To do:
Starting with the line containing "Teamwork Collaboration Diverse" and going on through the line containing "Canapé d'angle réversible", return the lines of the data below exactly, and only those.

Records for the task section start

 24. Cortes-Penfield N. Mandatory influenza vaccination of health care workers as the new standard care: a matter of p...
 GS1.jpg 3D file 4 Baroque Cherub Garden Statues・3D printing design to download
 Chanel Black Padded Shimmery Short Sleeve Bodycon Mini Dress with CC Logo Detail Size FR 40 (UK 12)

Records for the task section end
Records for the task section start

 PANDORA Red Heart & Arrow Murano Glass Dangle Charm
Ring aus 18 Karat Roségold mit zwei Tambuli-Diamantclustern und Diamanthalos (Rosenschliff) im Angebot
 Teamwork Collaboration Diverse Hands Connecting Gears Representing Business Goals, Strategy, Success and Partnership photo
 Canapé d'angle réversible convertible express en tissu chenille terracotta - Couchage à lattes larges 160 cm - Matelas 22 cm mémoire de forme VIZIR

Records for the task section end

Solution to this problem:
 Teamwork Collaboration Diverse Hands Connecting Gears Representing Business Goals, Strategy, Success and Partnership photo
 Canapé d'angle réversible convertible express en tissu chenille terracotta - Couchage à lattes larges 160 cm - Matelas 22 cm mémoire de forme VIZIR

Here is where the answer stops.